With the Reformation, this concept of a personal bond with God becomes democratized. Everybody has it, monasteries get closed down. Every individual Protestant has a religio with God. And so a two fold understanding of what in English comes to be called religion, it gets anglicised as religion. On the one hand, a religion is something that's personal to a believer, it's, you know, what religion do you have? What are your personal beliefs? What is your personal relationship to a deity, that's what a religion is. Simultaneously a religion is something that can be seen as distinct from something called, again, it's been, saeculum is emphasized to the secular.

So religion is something distinct from the secular. And by the 18th century, 19th century, when the British are expanding across the world and taking their language and therefore these concepts with them. The idea that something called religion, the idea that something called the secular exists, is taken absolutely for granted by not just missionaries, but by everybody going out to other civilizations.

So in India, people arrive, British arrive in India, and they start saying, well, what religion do the people of India, who they call the Hindus, you know, what religion do Hindus have? Well, there's the religion of the Muslim Hindus, there’s the religion of the Christian Hindus, and then there's the religion of all the other Hindus. And in time, this religion of all the other Hindus comes to be called Hinduism. And Hindus comes to be acquainted with those who practice the Hindu religion. And the British take for granted that there is something called Hinduism, which exists distinct from everything else in India, all the great swirl of its, the way that people live their lives, cultures, everything.

And in time, this is an idea that Indians themselves come to take on, so that by the time the Raj comes to an end, India proclaims itself to be a Secular Republic, with a notion that there are religions - Hinduism, Islam, whatever, absolutely woven into the fabric of the Indian Constitution. And, as a great Indian scholar has said Christianization proceeds in two ways. It proceeds through conversion, which doesn't happen in India. And it proceeds through secularization, which really has happened.

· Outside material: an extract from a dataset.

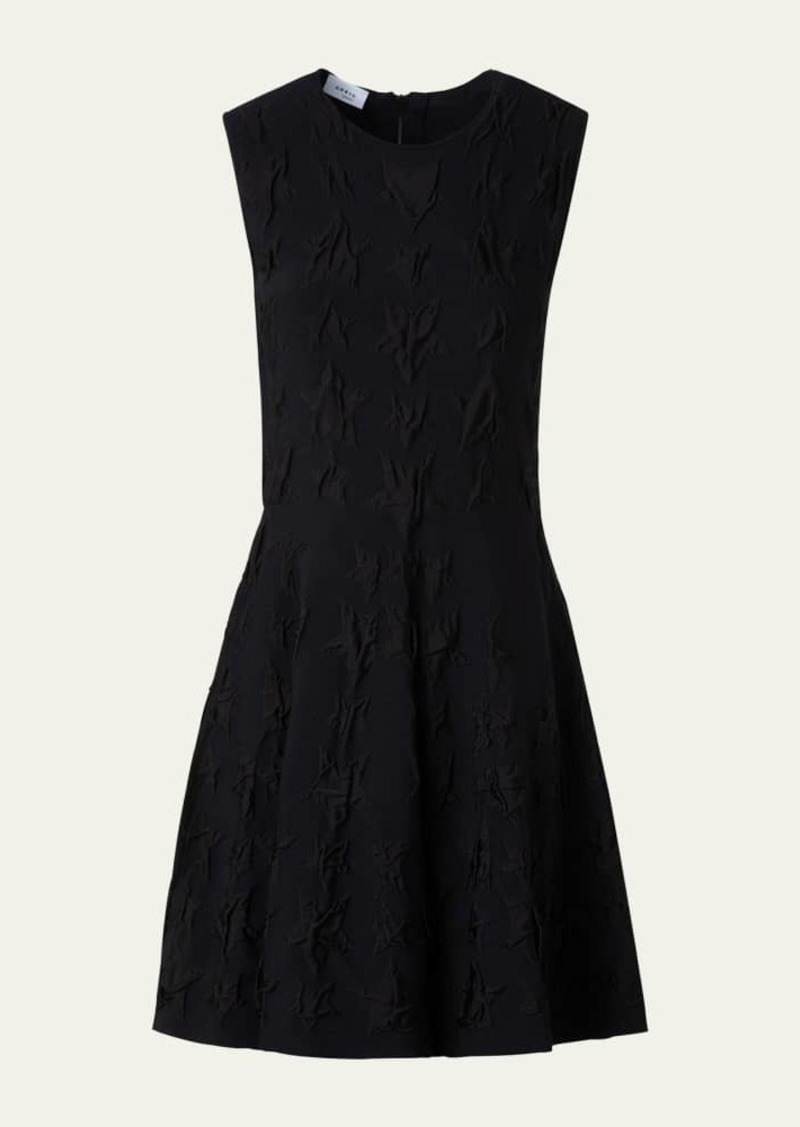 Akris punto 3D Star Jacquard Knit Mini Dress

And I think a large part of what's happening in India at the moment with Modi, and the rise of what is called the Hindu right, is a kind of reaction against that. A kind of recognition that actually, the secular isn't something that is universal, it's not a kind of given, it's not something that's just there, like the oxygen we breathe in. That in fact, it's very, very culturally contingent, and it's a legacy of the British imperial period. And so that's why they want to get rid of it. Difficult to get rid of it, though, because it's become an idea that so embedded in the way that people and not just Christians see the world, but it's almost impossible to kind of imagine a world where that that notion of the secular doesn't exist.

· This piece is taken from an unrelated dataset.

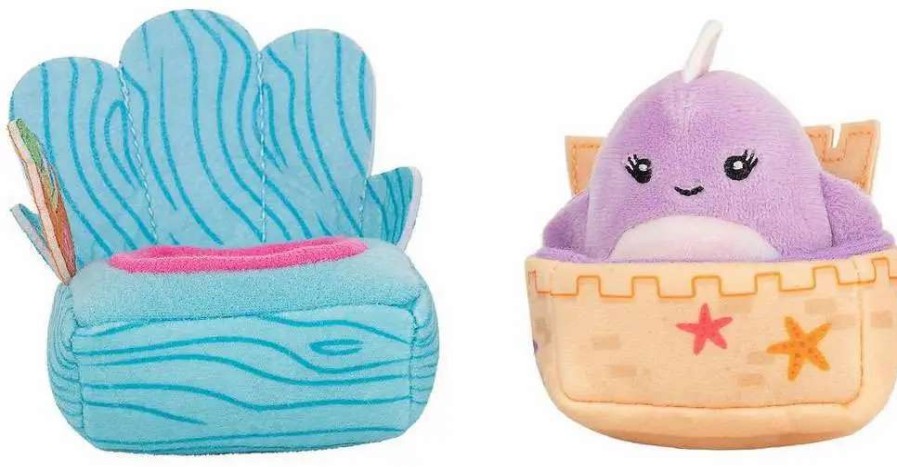 Squishmallows * | Wholesale Squishmallows Squishville! Beach 2-Inch Mini Plush Playset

Likewise, with Judaism, and with Islam, much the same process happened, except Jews is kind of fascinating example, because they are actually living within Christendom, within the Christian world. And they had always seen themselves as belonging, not to anything called a religion. I mean, this is an alien, wholly Christian way of conceptualizing things, they see themselves as belong to a people, they are the people of Israel. But what happens in the 19th century, with the French Revolution and the emancipation of Jews, is that they're offered citizenship. But they have to accept that they do not belong to a distinct people, that the laws of Moses are given no status at all, under the constitutions of the emergent European states in the 19th century. And Jews have to accept that they belong to something called a religion, not to a people. And so over the course of the 19th century, you see, Reform Judaism emerged as a kind of almost overtly Protestant attempt to satisfy that.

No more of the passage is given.